心拍20億回で死ぬから運動してはいけない?

巷のトンデモ情報だが、どんな動物でも一生の心拍数は20億回ぐらいと決まっているのでジョギングなどの運動をすると早く死ぬ、というのがある。

私など30年以上ジョギングしているので年金をもらう前に死ぬのだろうか。

この説の出所は本川達雄氏の「ゾウの時間ネズミの時間」であろう。ゾウは心拍が遅く寿命が長い、ネズミはその逆だが、かけ合わせれば総量は同じで、1拍を主観的な時間の単位と考えるならば種によって主観的な寿命は同じだというものだ。

ヒトでは安静時は60拍/分くらいなので、84年で20億回という計算になる。ずっと安静にしているわけではないのでもっと寿命は短いかもしれない。

この本自体にケチをつけるつもりは全くない。私も読んだことがあるが科学的で面白い本だ。批判したいのは意図的に捻じ曲げてセンセーショナルな表題をつけてサイトアクセスを稼ごうとしている輩だ。捻じ曲げる意図があるなら立派なほうで実際はコピペしているだけだろうが。

まずこの本で比較しているのは異なる種の間での比較であって、同じ種の個体間の比較ではない。子供のうちに死ぬゾウもいる。

次に20億歩譲って個体間の比較でも成り立つとする。この論に不利になることはあえて無視して計算してみよう。

安静時の心拍数を60拍とする。階段を上がったりすれば100拍ぐらいまで行くだろうがあえて無視する。

運動すれば平常時の心拍数は低くなるとか、誕生から死ぬまで毎日ジョギングするはずもないということもあえて無視する。

1日1時間ジョギングし心拍数が180拍になるとする。全力疾走レベルで1時間続けることになるから市民ランナーにはあまりない設定だがあえて無視する。
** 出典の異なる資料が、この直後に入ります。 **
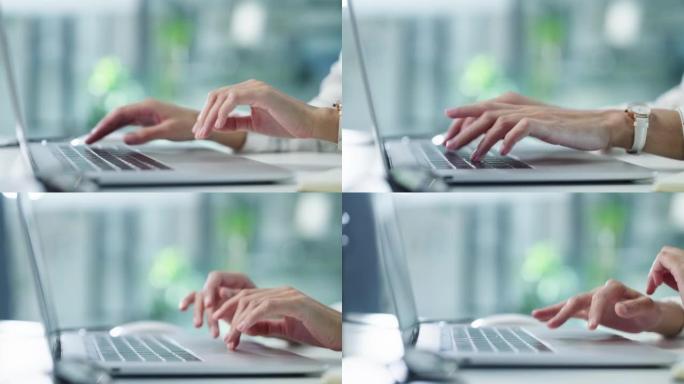 一名女商人在现代办公室使用笔记本电脑的4k视频片段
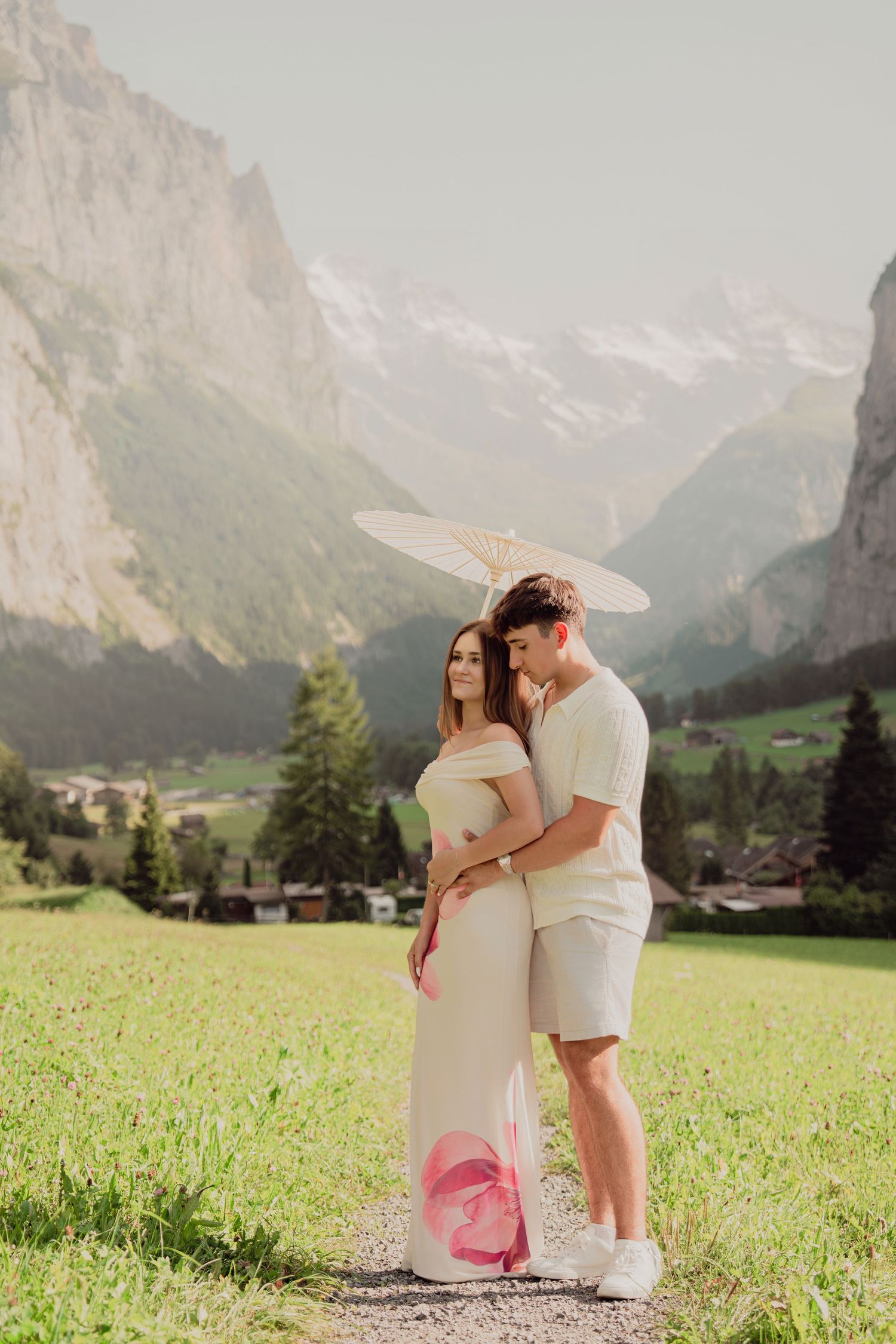 Romantic couple embracing on a path in Lauterbrunnen, Switzerland, woman holding a parasol umbrella.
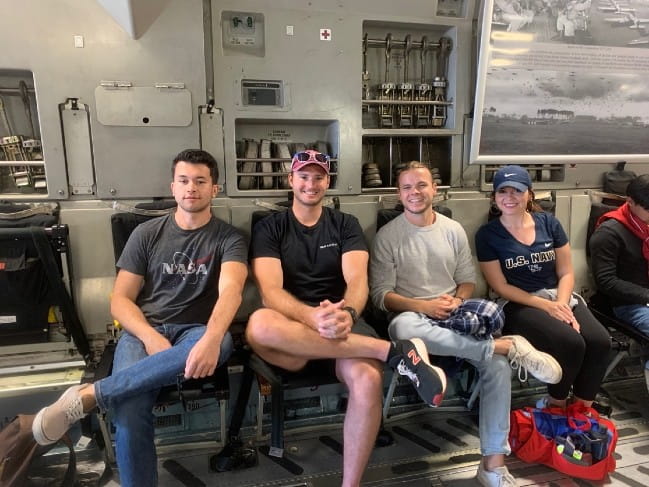 Four FLEX Medical Student cohort sitting in an AC130 at AirExpo Charleston
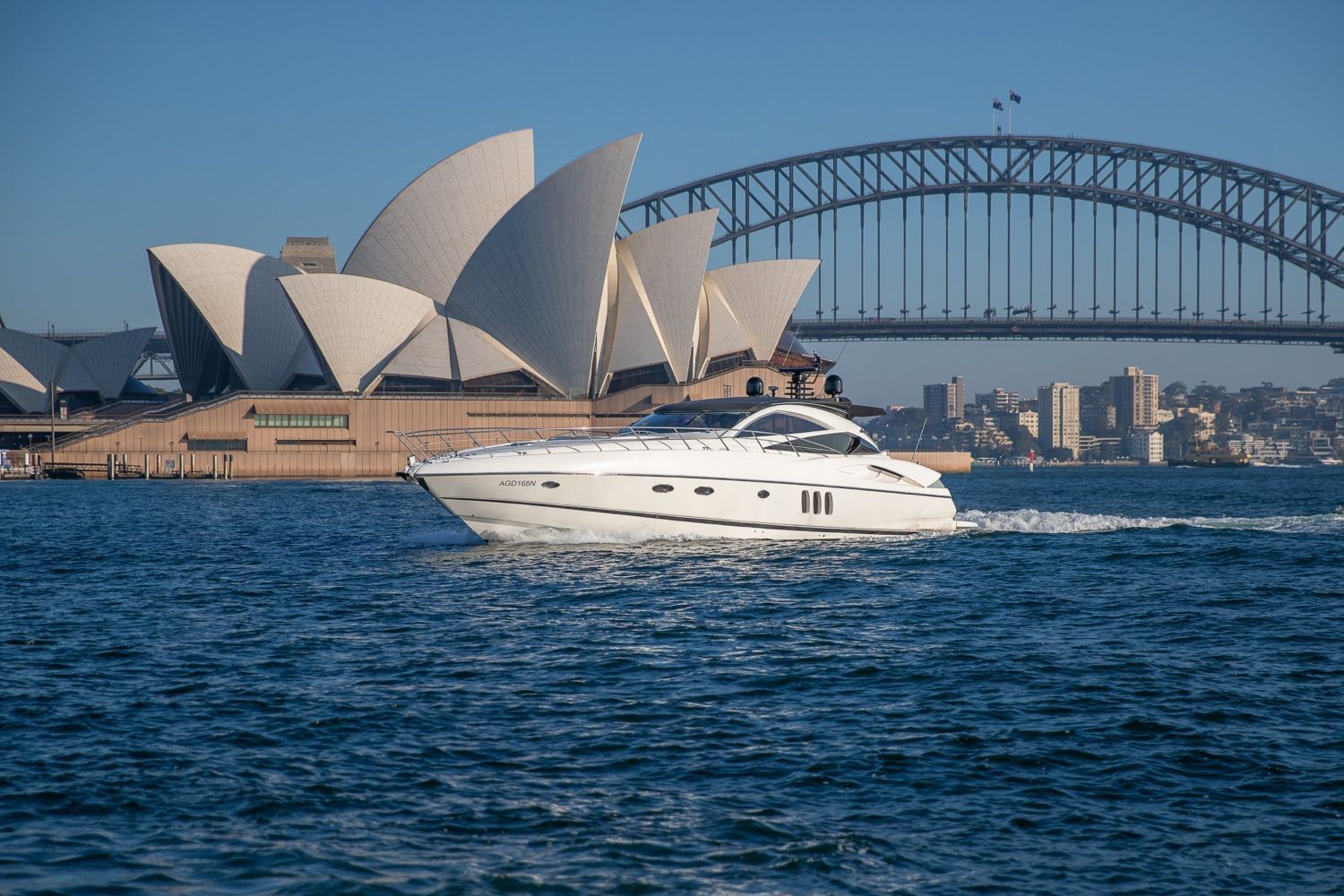A yacht is floating on top of a body of water.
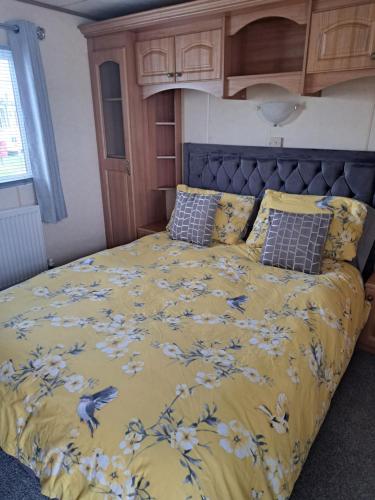 a bed with a yellow comforter with birds on it at Golden sands ingoldmells in Skegness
すると3倍の心拍数を1時間続けるわけだから、1日の総心拍数は運動していない人の26時間分となる。 したがって寿命は24/26=12/13に縮むことになる。

ヒトの生物学的な寿命は120歳ぐらいといわれているので、運動すると寿命が110歳になることになる。

だが実際の平均寿命が80歳程度ということは、運動しない人は限界は高いけれども生活習慣病等で限界を全うできないということだ。逆に運動すれば110歳の限界を目指すことができるだろう。

さあ明日も走って長生きしよう。